- **Work to be completed**: In exact form, please repeat the records from their opening line down to the line with "Sealine outdoor arena seen through a tyre", including that line.

== Provided information

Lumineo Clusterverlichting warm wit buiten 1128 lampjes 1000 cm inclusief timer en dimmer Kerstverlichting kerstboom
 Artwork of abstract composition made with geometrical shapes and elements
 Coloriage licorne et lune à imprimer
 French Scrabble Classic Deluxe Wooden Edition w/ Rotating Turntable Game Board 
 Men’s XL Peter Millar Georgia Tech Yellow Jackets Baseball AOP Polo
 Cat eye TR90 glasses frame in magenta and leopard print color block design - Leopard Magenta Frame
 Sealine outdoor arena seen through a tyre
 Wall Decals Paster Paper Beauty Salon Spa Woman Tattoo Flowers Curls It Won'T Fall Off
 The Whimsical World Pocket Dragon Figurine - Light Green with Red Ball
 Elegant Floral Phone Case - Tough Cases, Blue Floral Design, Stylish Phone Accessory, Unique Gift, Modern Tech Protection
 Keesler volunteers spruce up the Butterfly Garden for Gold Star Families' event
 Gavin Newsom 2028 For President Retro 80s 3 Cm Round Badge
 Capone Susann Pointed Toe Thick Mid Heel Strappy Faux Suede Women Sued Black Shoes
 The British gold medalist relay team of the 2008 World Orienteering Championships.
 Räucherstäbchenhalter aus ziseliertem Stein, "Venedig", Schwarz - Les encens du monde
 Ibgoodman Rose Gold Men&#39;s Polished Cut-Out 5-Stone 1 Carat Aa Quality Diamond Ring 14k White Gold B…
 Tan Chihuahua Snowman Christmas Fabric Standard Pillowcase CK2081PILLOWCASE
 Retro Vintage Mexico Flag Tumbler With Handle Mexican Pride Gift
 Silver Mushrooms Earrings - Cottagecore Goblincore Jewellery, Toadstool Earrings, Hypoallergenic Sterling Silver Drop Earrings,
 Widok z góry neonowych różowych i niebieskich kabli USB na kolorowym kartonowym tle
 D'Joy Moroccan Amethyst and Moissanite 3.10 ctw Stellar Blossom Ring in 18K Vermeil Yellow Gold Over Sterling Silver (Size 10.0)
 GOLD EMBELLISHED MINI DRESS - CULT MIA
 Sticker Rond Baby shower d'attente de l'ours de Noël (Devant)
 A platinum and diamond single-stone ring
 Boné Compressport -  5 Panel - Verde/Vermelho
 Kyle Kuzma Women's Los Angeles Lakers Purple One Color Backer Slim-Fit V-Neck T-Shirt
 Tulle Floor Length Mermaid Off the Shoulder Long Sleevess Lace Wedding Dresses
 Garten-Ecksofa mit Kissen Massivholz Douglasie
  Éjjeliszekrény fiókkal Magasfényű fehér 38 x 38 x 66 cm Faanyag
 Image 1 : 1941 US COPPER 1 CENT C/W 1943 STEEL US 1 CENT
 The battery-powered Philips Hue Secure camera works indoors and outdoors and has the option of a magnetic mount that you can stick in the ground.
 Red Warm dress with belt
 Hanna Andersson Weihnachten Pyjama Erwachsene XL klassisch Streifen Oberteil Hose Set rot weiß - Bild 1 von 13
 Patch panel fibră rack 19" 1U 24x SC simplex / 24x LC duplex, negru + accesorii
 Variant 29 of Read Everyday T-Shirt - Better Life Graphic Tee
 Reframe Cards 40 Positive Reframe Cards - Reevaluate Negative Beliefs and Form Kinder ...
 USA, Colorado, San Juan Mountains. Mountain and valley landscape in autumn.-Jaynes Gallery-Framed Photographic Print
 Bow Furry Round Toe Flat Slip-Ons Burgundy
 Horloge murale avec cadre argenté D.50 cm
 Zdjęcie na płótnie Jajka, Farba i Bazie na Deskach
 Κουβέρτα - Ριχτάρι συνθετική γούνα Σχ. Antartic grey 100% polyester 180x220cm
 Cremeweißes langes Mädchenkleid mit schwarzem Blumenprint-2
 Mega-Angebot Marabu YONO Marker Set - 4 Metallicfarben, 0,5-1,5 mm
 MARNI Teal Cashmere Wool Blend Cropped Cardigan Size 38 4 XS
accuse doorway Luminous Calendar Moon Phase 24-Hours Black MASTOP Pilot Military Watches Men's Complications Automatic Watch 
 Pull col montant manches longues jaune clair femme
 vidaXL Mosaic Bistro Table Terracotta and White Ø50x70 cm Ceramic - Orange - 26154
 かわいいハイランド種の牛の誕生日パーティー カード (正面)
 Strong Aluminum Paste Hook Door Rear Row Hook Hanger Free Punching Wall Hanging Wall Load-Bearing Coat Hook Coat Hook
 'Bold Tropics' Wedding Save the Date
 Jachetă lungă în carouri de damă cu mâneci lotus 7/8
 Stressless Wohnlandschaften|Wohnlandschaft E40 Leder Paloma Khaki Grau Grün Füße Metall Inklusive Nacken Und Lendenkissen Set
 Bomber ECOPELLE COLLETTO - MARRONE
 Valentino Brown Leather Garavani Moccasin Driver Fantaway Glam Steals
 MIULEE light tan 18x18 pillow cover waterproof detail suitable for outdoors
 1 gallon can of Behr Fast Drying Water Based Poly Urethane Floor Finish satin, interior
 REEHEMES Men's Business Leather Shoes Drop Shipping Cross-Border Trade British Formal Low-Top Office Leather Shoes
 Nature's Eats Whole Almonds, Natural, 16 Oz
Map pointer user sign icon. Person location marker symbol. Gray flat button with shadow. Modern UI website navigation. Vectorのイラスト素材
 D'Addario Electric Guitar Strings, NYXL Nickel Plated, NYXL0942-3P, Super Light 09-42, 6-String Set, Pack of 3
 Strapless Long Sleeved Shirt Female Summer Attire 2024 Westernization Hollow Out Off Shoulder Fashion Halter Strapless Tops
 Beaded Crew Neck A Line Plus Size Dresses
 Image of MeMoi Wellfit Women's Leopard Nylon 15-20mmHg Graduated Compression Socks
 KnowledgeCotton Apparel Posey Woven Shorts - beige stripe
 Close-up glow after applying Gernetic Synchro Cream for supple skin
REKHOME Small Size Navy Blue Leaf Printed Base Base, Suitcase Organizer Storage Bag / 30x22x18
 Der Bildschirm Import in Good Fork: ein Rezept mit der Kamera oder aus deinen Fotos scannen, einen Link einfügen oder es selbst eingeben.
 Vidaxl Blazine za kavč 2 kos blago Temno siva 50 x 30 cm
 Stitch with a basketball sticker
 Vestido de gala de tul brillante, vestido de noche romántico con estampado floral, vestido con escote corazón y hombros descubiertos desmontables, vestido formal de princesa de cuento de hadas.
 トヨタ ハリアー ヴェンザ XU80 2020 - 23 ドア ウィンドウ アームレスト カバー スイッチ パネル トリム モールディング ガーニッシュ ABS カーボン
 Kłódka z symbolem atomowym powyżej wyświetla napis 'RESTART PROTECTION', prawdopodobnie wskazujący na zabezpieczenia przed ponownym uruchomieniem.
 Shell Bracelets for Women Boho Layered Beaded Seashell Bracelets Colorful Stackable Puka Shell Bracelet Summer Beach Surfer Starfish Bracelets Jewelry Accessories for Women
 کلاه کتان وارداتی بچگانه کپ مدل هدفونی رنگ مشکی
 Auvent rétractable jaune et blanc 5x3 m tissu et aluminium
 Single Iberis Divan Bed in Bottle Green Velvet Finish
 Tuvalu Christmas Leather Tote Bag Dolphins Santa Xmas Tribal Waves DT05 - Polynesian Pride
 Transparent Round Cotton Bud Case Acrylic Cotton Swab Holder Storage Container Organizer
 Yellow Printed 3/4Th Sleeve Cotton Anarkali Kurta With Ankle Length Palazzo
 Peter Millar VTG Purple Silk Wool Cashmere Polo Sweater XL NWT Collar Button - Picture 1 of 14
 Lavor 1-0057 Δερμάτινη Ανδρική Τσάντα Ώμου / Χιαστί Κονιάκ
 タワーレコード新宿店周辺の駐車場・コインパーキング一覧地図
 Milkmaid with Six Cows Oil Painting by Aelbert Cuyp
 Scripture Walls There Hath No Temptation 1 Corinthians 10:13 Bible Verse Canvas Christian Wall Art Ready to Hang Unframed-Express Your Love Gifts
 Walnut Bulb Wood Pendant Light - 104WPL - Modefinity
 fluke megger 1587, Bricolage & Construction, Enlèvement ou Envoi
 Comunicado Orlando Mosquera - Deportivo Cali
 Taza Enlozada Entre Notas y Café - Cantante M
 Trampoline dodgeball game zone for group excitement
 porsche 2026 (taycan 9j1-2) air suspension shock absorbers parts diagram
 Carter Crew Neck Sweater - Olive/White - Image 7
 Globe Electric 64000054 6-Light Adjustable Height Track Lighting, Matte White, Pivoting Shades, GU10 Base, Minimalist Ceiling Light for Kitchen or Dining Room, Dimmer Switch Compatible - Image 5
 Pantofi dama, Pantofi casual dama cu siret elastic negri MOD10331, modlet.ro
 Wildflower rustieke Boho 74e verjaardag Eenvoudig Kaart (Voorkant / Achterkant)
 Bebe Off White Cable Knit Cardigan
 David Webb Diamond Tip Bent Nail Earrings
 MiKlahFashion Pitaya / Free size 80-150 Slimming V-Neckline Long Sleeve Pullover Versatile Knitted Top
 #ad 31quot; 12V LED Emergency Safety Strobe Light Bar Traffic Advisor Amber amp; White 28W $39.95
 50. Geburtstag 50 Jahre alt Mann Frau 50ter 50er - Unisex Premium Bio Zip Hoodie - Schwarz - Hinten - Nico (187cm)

====

- **Your response**:
Lumineo Clusterverlichting warm wit buiten 1128 lampjes 1000 cm inclusief timer en dimmer Kerstverlichting kerstboom
 Artwork of abstract composition made with geometrical shapes and elements
 Coloriage licorne et lune à imprimer
 French Scrabble Classic Deluxe Wooden Edition w/ Rotating Turntable Game Board 
 Men’s XL Peter Millar Georgia Tech Yellow Jackets Baseball AOP Polo
 Cat eye TR90 glasses frame in magenta and leopard print color block design - Leopard Magenta Frame
 Sealine outdoor arena seen through a tyre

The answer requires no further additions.